### Task item
Quote the entries below from the line with "Lustra, LED, Izzy, Negru, 4" through the line with "Multi Functional Home", both ends included, and only those lines.

### Input data
####
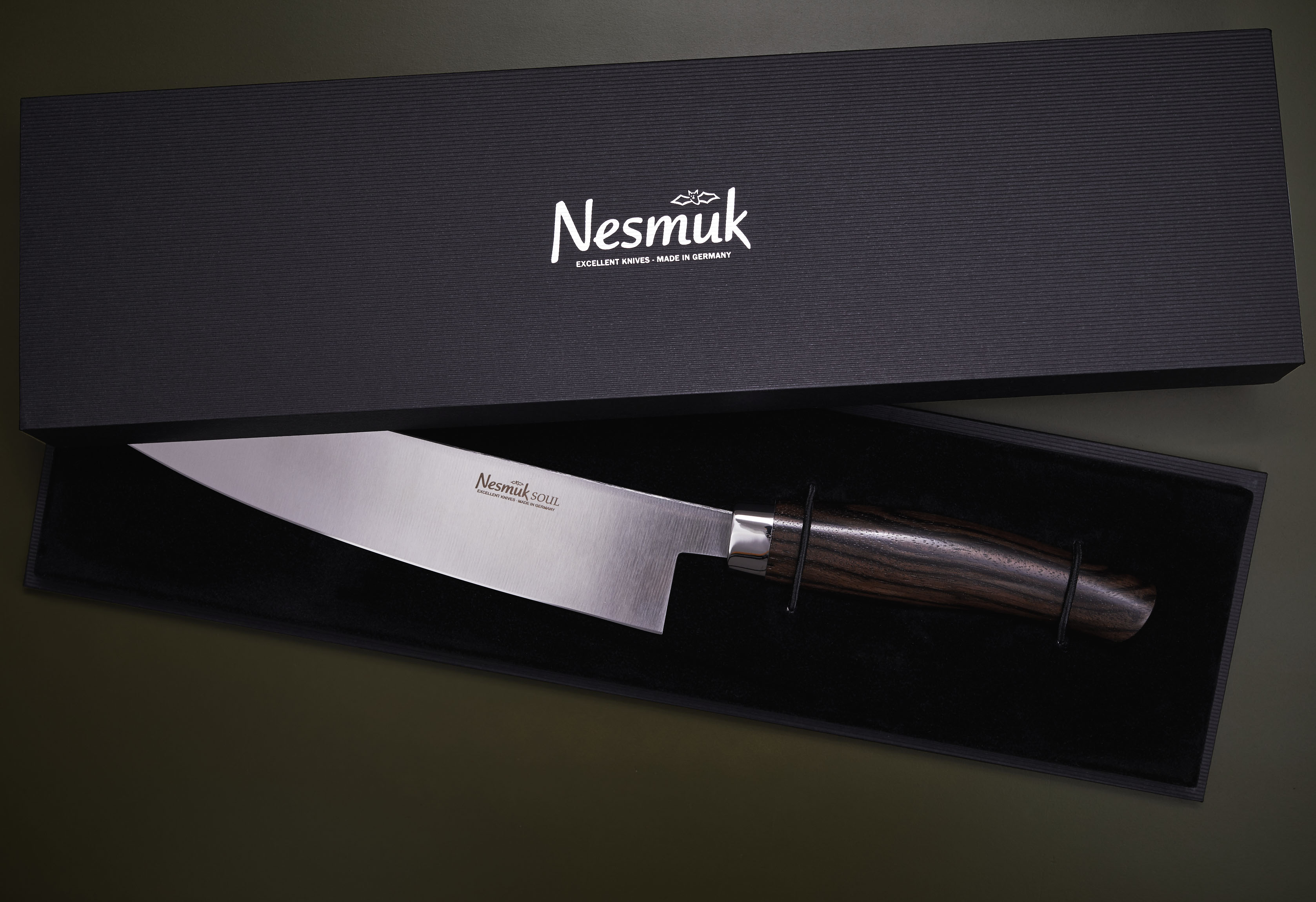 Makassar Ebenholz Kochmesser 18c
####
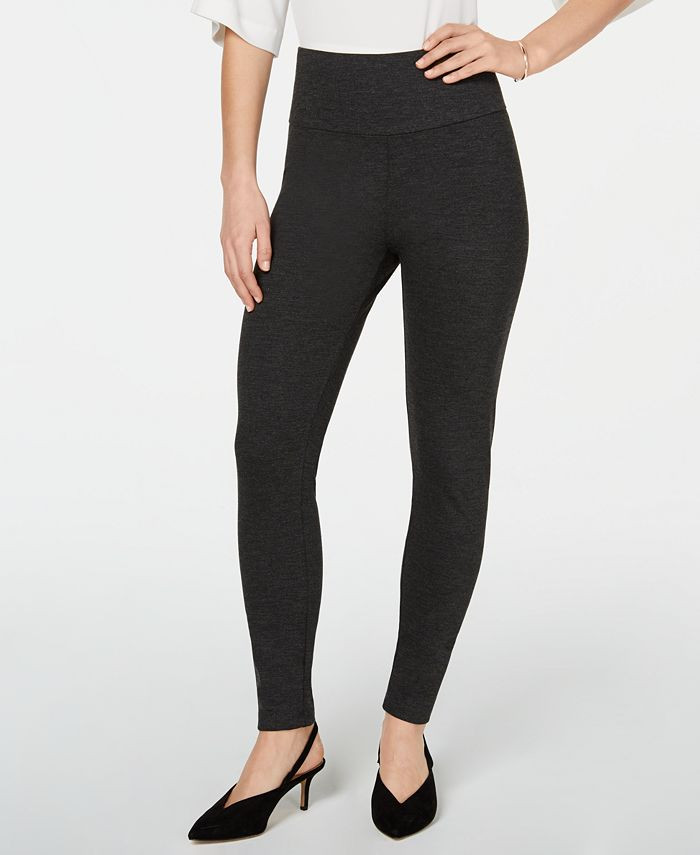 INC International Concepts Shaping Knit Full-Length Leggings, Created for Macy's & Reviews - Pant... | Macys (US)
####
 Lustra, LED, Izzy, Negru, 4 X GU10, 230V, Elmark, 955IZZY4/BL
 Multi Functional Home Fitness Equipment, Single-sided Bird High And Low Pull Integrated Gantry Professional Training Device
####
### Response below
 Lustra, LED, Izzy, Negru, 4 X GU10, 230V, Elmark, 955IZZY4/BL
 Multi Functional Home Fitness Equipment, Single-sided Bird High And Low Pull Integrated Gantry Professional Training Device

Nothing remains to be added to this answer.